* **Data for this exercise**:
▬▬▬▬▬▬
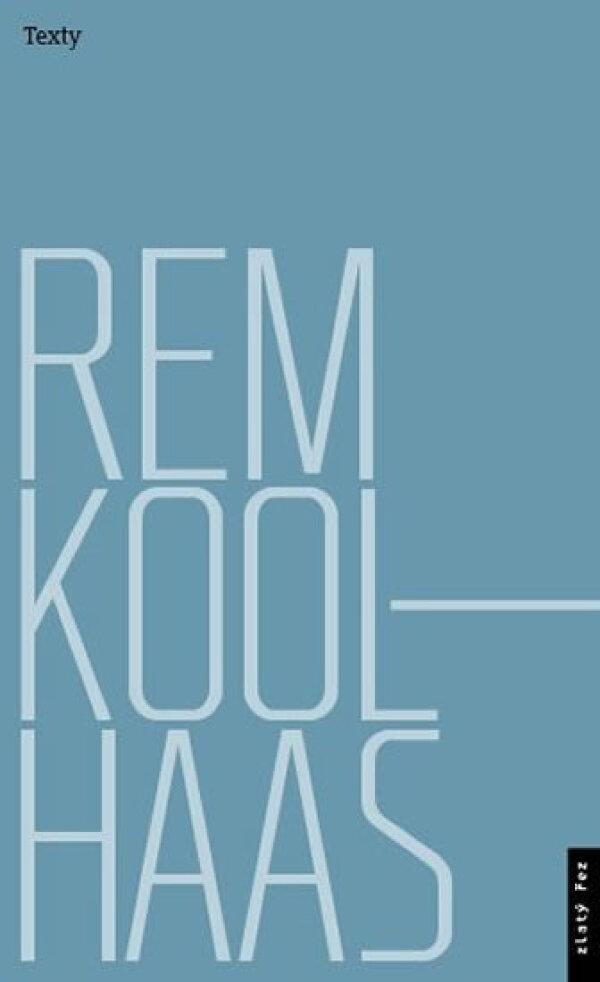 Jana Tichá: REM KOOLHAAS. TEXTY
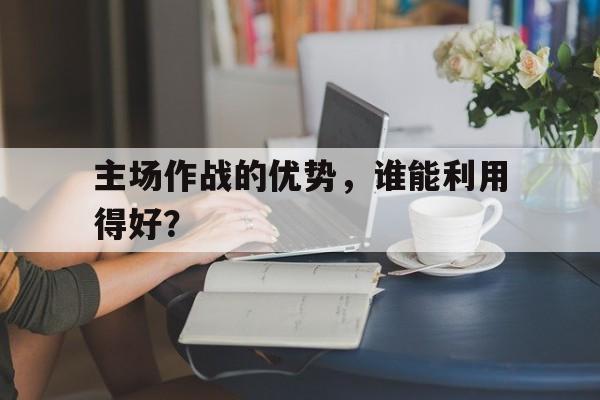 kaiyun-主场作战的优势，谁能利用得好？()  第1张
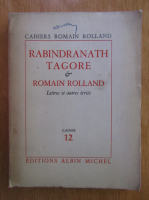 Romain Rolland - Rabindranath Tagore et Roman Rolland (volumul 12)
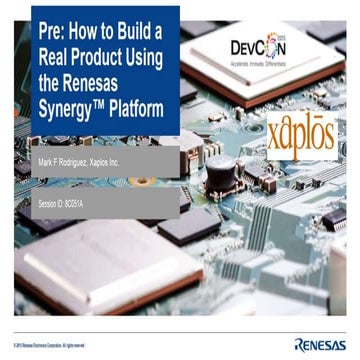 Pre: How to Build a Real Product Using the Renesas Synergy Platform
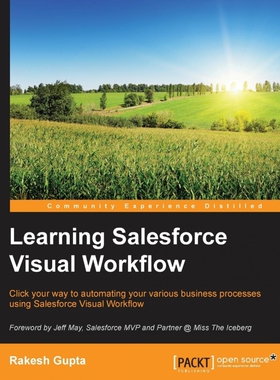 按需印刷不退不换Learning Salesforce Visual Workflow[9781785289835]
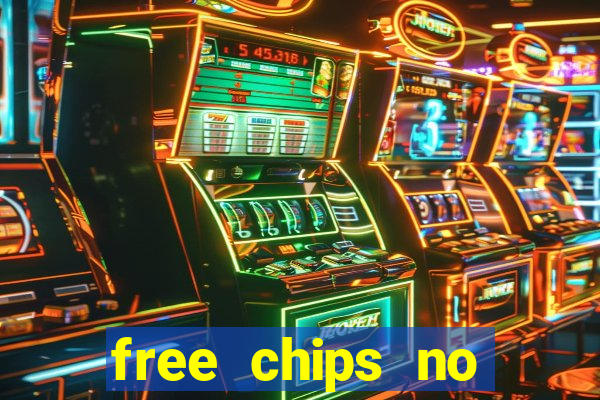 free chips no deposit casino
▬▬▬▬▬▬
Print the material word for word; images are to be left out.

* **Task result**:
 Jana Tichá: REM KOOLHAAS. TEXTY
 kaiyun-主场作战的优势，谁能利用得好？()  第1张
 Romain Rolland - Rabindranath Tagore et Roman Rolland (volumul 12)
 Pre: How to Build a Real Product Using the Renesas Synergy Platform
 按需印刷不退不换Learning Salesforce Visual Workflow[9781785289835]
 free chips no deposit casino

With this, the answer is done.